My siblings and I would roll around in the grass. We’d get our hands in the dirt and make mud pies. I'd bring a handful of dirt to my face and inhale the smell. I loved the feeling of cool dirt on my hands. We played around with worms, slugs, and whatever interesting bugs we could find. How did I get so far removed from this girl?
I’m aware of the benefits of nature and try to get out into it, but while I'm out there I feel an aversion to parts of it.
I detest bugs, and I’m hyper aware of them. If I'm sitting at the park, the moment I see a bug on my blanket ‘off’ I say and sweep it away. If I'm sitting in my yard and a fly lands in my vicinity, I shoo it away. If I'm at the beach or walking on a trail, I am on guard. If there's a bug in my room, I’m not at peace until it’s outside. Bugs freak me out, and I'm not sure why. Maybe they’re out to get me?
Occasionally I do some gardening, so I don't mind getting dirty. I still love the feel and smell of dirt. However, when I did get it on me I’d eventually wash it off with soap as though it’s a foreign element that doesn't belong on my skin. But scented lotions do?
There’s a lot of information about the beneficial effects of simply walking barefoot on grass and earth. The first time I tried it I slipped one foot out of my sandals and tentatively placed it onto my yard as though it were a bed of fish. As soon as my foot touched the earth, the feeling of grass and dirt, and the thought of all the bugs, made me squeamish. I thought I’ll try again later.

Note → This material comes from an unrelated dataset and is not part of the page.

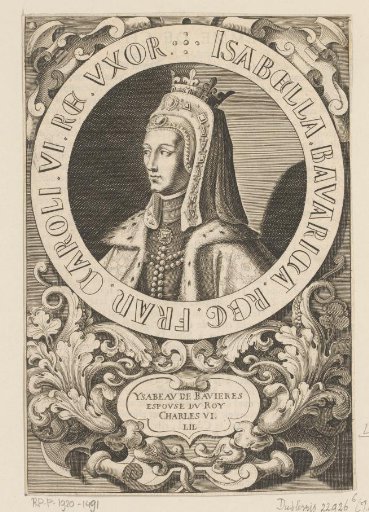 Portrait of Isabella of Bavaria, Queen of France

Since starting this fast I've been spending a lot of time indoors. The last couple of days I was forced to get out of my room and sit in my yard, and I realized that I could do everything I’m doing while outdoors.

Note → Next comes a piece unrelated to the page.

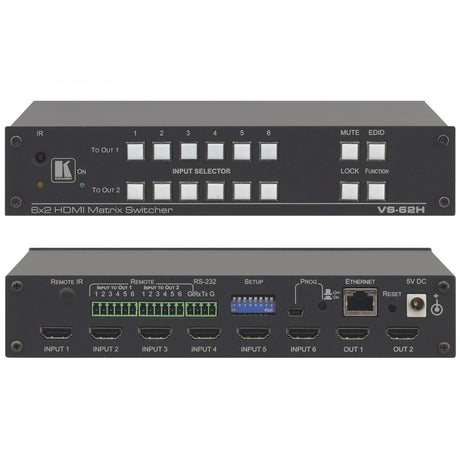 Kramer VS-62H 6x2 4K HDMI Matrix Switcher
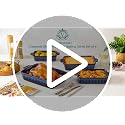 Vancasso Blue Ceramic Casserole Dishes Set of 4 Oven Safe Deep Rectangular Lasagna Pans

Sitting outside has made me realize how much of my attention goes towards bugs. Do these tiny creatures really deserve the negative feelings I let arise within me? I've stopped paying attention to them, and they leave me alone. Occasionally I feel a soft bite, but I've come to know that’s what bugs do when they're curious or simply trapped under my clothes. I’m learning to develop a harmonious relationship with them. They are vital to my very existence, and to that same degree they deserve respect.
I’ve also begun to take my sandals off and walk around barefoot on the grass and cement. It doesn't feel gross anymore, instead it gives me that warm feeling of nostalgia like I found a part of me that went missing a long time ago.

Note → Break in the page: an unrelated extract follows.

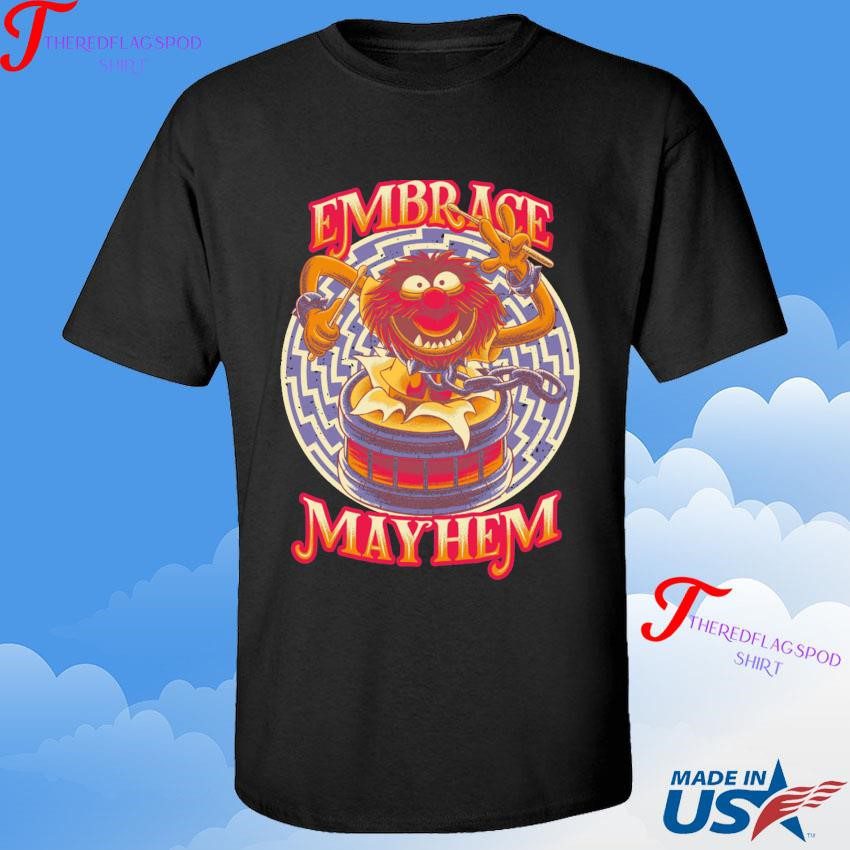 official-embrace-mayhem-muppet-animal-drumming-shirt-1 Official Embrace Mayhem Muppet Animal Drumming T-shirt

I did think about the fact that I may develop dry or calloused heels. In history lighter and soft skin has been associated with status. It was the labourers that had dry cracked skin, which is the skin’s natural way of helping us bear the brunt of work. If preserving my foot’s softness takes me further away from nature and my own natural self then that’s now a tradeoff I’m no longer willing to make.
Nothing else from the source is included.